There is, so the argument goes, something different about this world, even though the physical aspects of it are identical: the philosophical zombies are lacking something, despite lacking nothing on the physicalist view — every part of them is there, because every part of them is physical. If there is a difference between these worlds, then qualia exist, and are essentially non-physical in nature. This argument also has a lot of detractors, and the counterarguments go about trying to defeat the argument by way of showing that you actually can’t imagine such a world, because philosophical zombies are impossible.
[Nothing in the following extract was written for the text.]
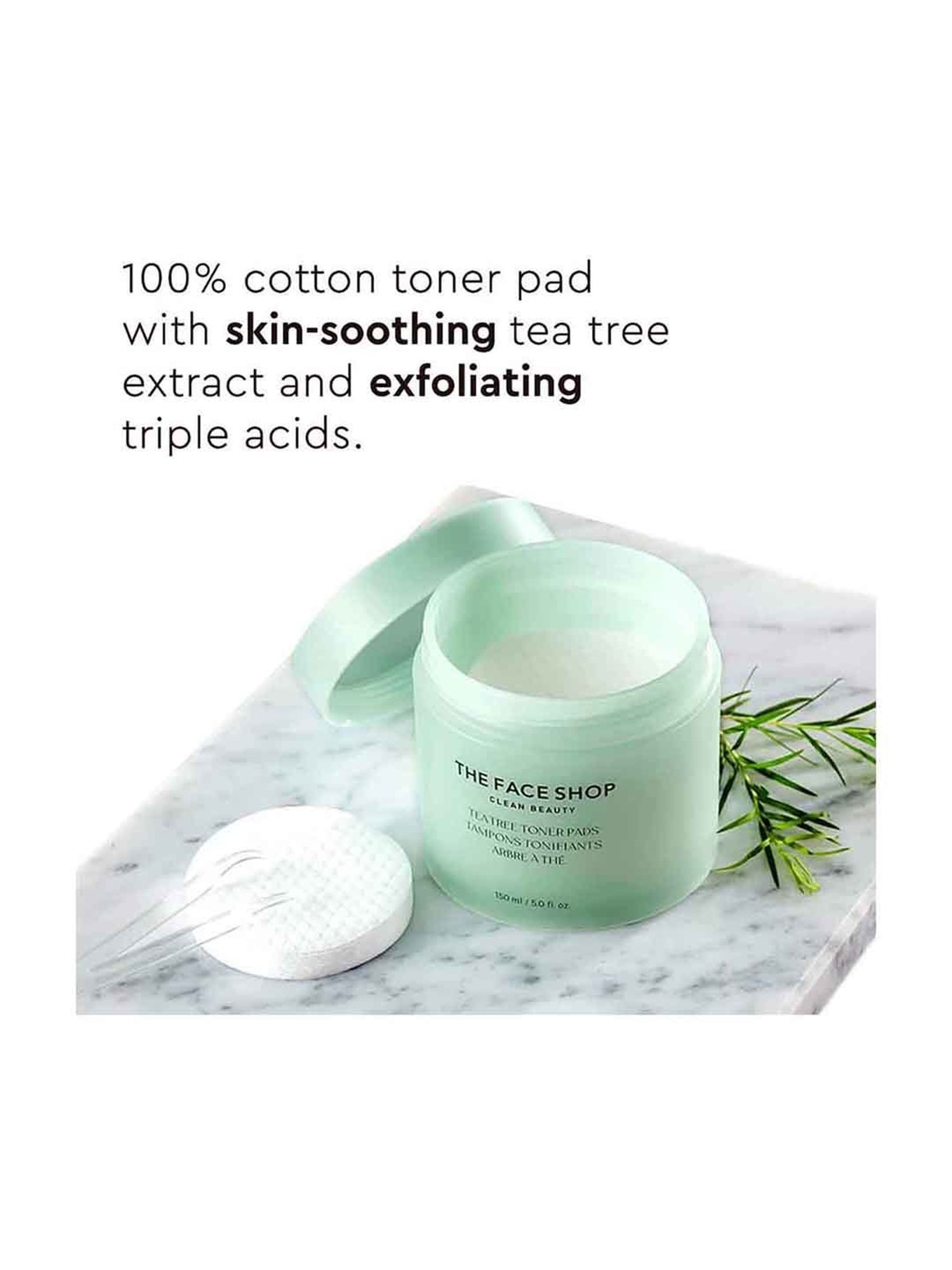 The Face Shop Tea Tree Toner Pads with AHA, IP-BHA & Hyaluronic Acid for Acne & Oily Skin - 150 ml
Let’s dissect what that means — “philosophical zombies are impossible”. One interpretation is that they are logically impossible. Logical impossibility occurs when there is a contradiction in how something is described that makes it analytically impossible for such a thing to exist. A good example of this is a triangle with four sides: of course, you can’t have a triangle with four sides because a four-sided shape would be a quadrangle, and a triangle must have three sides; such a shape is logically impossible because its own description contradicts itself. Another way of thinking about this is that if you can imagine such a thing, then it is almost certainly logically possible: I can imagine a triangle; I can’t imagine a triangle with four sides. There doesn’t appear to be anything in the description of philosophical zombies that contradicts itself, however, so it appears that philosophical zombies are, at least, logically possible.

The next interpretation is that they are metaphysically impossible, and this is where we find the true meaning of the argument. Philosophical zombies, if we imagine that they exist, would be identical, physically, to conscious humans — yet they have no consciousness. If we are to accept that qualia exist, and that qualia arise in some way from the physical world, or else are related to it, then any being that is precisely identical in every physical way to humans beings must, by necessity, experience qualia. Consider if you would, a toaster that is identical in every physical way to a normal toaster, except when you put the bread in, the toaster doesn’t toast it; of course, if it is identical in every physical way, it will make toast. Similarly, a human, provided they are physically composed in the right way to allow it (i.e., excluding people in persistent vegetative states, etc.), cannot be without consciousness — it is a necessary result of the physical composition of their brain.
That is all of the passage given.